As the book of Hebrews shows us, all the constructions of the old covenant artifacts were a picture of the real ones, the heavenly ones (Hebrews 7:4-5). The symbolism was the return to Eden, to remove the angels guarding the way by a sacrifice. No one could do this, which we will see why as we explain how God redeems us in Jesus Christ.

Here is where Jesus fulfills the role of the High Priest. As Hebrews 10:1-4 sums up so well, the sacrifices of bulls and goats could never truly take away the sins of people. Man owed the debt. Only man could pay it. But for me to pay my debt means for me to die and perish. Then my salvation is hopeless in me. There is only doom.

Now we read on into Hebrews 10, in verse 5, where the Son speaks to the Father and says that a body had been prepared for Him. Now the Son, as a man, can pay the debt man owed, and He could pay the debt eternally because His life was of eternal value. In verse 11, the author again elaborates that the ordinary high priest could not truly fulfill all righteousness, being a sinner himself. Christ, who lives forever as High Priest, with an everlasting sacrifice in His own blood, offers one sacrifice, once for all who believe, purging their sins in eternity, becoming their Priest and King, and saving them fully and completely for the coming kingdom.

As Paul tells us in 2 Corinthians 5:21, Jesus our Savior was made sin for us, so that we might be made the righteousness of God in him. The idea here is a transaction. When I trust in Christ, all of my sin he bears, and I get in exchange all of his righteousness imputed to my account. Not to my present body, but my account, much like an actual bank account. God justifies me on the basis of what Christ did, not on the basis of what I have done. Hence it is through Jesus Christ, the Bridge, the Doorway that I may enter Eden again. As Jesus himself says, no one comes to the Father except through him (John 14:6). All of my sin, therefore, has been dealt with on the cross. Does this mean I no longer sin? Not so. John says in 1 John 1:8 that if we say we have no sin, we deceive ourselves, and the truth is not in us.
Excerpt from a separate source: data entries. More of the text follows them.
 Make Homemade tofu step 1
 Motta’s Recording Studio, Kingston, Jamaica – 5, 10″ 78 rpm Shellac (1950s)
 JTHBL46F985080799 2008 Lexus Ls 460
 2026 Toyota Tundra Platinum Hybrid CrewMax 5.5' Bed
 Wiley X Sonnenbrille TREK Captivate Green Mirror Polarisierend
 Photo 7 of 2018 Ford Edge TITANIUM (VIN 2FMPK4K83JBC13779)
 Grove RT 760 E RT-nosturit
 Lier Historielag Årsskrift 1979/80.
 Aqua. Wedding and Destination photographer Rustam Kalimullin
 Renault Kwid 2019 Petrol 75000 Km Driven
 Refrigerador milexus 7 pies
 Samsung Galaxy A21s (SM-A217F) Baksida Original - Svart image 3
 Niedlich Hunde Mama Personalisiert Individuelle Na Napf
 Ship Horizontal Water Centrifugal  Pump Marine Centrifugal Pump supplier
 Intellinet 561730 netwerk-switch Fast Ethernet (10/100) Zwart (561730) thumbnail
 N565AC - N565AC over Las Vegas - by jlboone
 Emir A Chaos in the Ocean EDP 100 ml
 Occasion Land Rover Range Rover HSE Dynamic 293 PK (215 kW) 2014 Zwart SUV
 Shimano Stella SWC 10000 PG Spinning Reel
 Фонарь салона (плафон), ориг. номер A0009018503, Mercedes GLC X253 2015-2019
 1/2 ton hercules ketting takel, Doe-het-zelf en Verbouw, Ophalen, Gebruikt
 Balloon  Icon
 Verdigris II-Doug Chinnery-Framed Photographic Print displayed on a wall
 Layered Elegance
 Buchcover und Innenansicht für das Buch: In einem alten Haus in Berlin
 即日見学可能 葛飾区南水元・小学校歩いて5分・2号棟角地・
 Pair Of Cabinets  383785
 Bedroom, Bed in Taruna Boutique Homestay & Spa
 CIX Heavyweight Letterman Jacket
How do we make sense of this, then?

From Death to Life

In the prophecy of Jeremiah 31:31-34, the Lord will make a new covenant with Israel, and in this new covenant, God will put His law in their hearts and remember their sins no more. This the author of Hebrews declares is fulfilled in Christ in Hebrews 10:17.

In a similar prophecy, Ezekiel in chapter 36:25, Yahweh says that He will cleanse His people of all their idols. In verse 26, He declares that He will remove our hearts of stone and give us a heart of flesh that He will cause to obey Him. He will give us a new heart. This we call regeneration. A dead man comes to life (Ephesians 2). The point here is that something takes place when my sins are forgiven. The Spirit of God dwells in me. To put this all together, once I am saved, God begins to work life in me. Sin dwells in my current body, but as Scripture tells us, we are to be killing this flesh daily.

In Romans 6, after explaining the doctrine of justification by faith alone, Paul asks a rhetorical question, which is that if I have been forgiven of all sin, doesn’t that mean we can just live our lives in sin and continually say we are forgiven since all our sin is forgiven? Not so. Paul’s answer is that if you have been truly born again, something has happened to you. What is that? That you were buried and raised with Christ. Your sin is killed with him. Hence sin here means more than just bad actions–your corrupt state under Adam’s headship has been dealt with, though it still lives in this world. Now begins the new creation in the New Adam, born from eternity, that shows forth into this world.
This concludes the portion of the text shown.